Shank3 and hypersensitivity

Neuroscientists at MIT and Brown have found that mice lacking the protein Shank3, which has previously been linked with autism, were more sensitive to touch on their whiskers than genetically normal mice. Shank3-deficient mice also had overactive excitatory neurons in a region of the brain called the somatosensory cortex, which researchers believe accounts for their over-reactivity.

For this new study, headed by Dr. Guoping Feng, the James W. and Patricia Poitras Professor of Neuroscience at MIT and a member of MIT’s McGovern Institute for Brain Research, and Dr. Christopher Moore, a professor of neuroscience at Brown University, the team developed a way to measure the mice’s sensitivity to slight deflections of their whiskers, and then trained the mutant Shank3 mice and normal, wild-type mice to display behaviors that signaled when they felt a touch to their whiskers.

Through this, they found that mice that were missing Shank3 accurately reported very slight deflections that were unable to be detected by the normal mice. Once it was established that the mutant mice experienced sensory hypersensitivity, the researchers set out to analyze the underlying neural activity. For this, they used an imaging technique that measures calcium levels in specific cell types, which can then be used to indicate neural activity.

The results showed that when the mice’s whiskers were touched, excitatory neurons in the somatosensory cortex were overactive, which was contrary to the expectation that without Shank3, synaptic activity should drop, leading researchers to hypothesize that the root of the problem was low levels of Shank3 in the inhibitory neurons that normally turn down the activity of excitatory neurons.

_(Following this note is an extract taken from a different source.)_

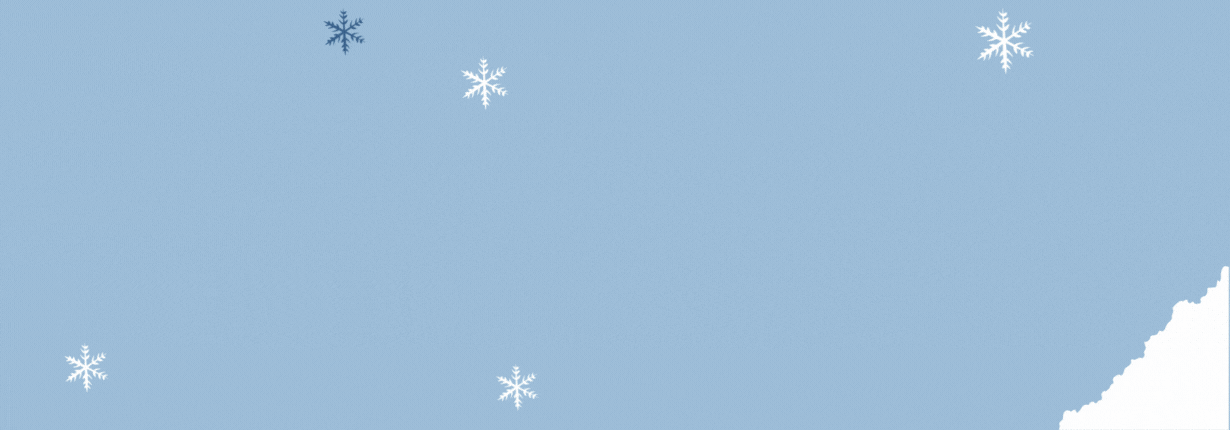 зимние тоовары 2025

This would diminish those inhibitory neurons’ activity and allow excitatory neurons to go unchecked, leading to sensory hypersensitivity.

To test this idea, the researchers genetically engineered mice so that they could turn off Shank3 expression exclusively in inhibitory neurons of the somatosensory cortex. As suspected, they found that in these mice, excitatory neurons were overactive, even though those neurons had normal levels of Shank3. These results suggest that reestablishing normal levels of neuron activity could reverse this kind of hypersensitivity.

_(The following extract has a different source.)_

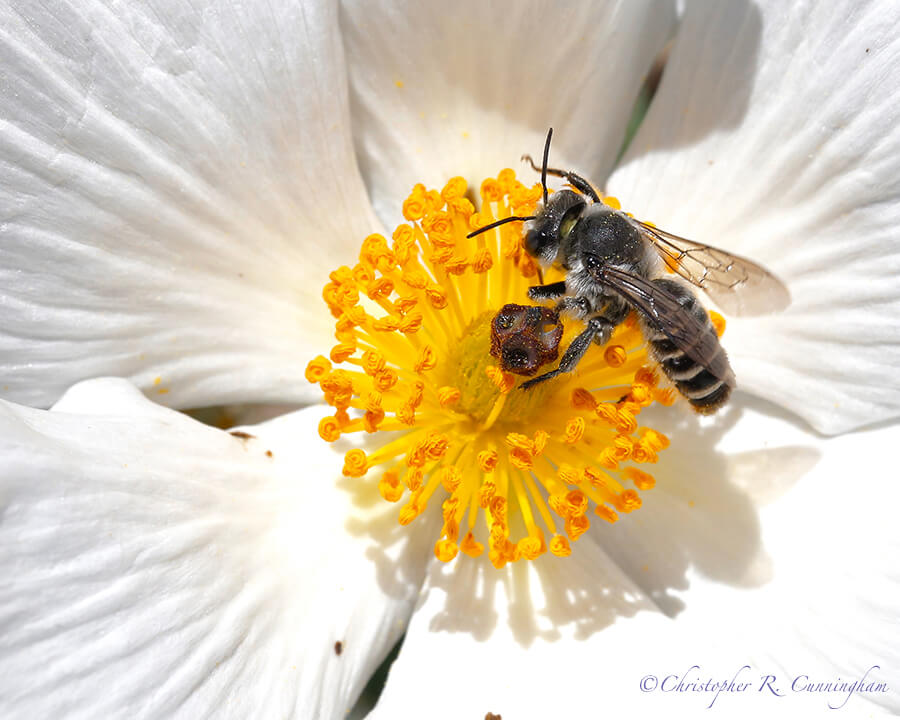 Bee on Prickly Poppy Flower, Cave Creek Canyon, Arizona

The Shank3 protein is important for the function of synapses, connections that allow neurons to communicate with each other. In past studies, Feng has shown that mice lacking the Shank3 gene display many traits associated with autism, including avoidance of social interaction and compulsive, repetitive behavior.

“We hope our studies can point us to the right direction for the next generation of treatment development,” says Feng

There are currently no treatments for sensory hypersensitivity, but the researchers believe that uncovering the cellular basis of this sensitivity may help in the development of potential treatments. Many other studies in mice have linked defects in inhibitory neurons to neurological disorders, including Fragile X syndrome and Rett syndrome, as well as autism.

“Our study is one of several that provide a direct and causative link between inhibitory defects and sensory abnormality, in this model at least,” Feng notes. “It provides further evidence to support inhibitory neuron defects as one of the key mechanisms in models of autism spectrum disorders.”

Next, Feng plans to study the timing of when these impairments arise during an animal’s development, which could help to guide the development of possible treatments. There are existing drugs that can turn down excitatory neurons, but these drugs have a sedative effect if used throughout the brain, so more targeted treatments could be a better option.

“We don’t have a clear target yet, but we have a clear cellular phenomenon to help guide us,” he states. “We are still far away from developing a treatment, but we’re happy that we have identified defects that point in which direction we should go.”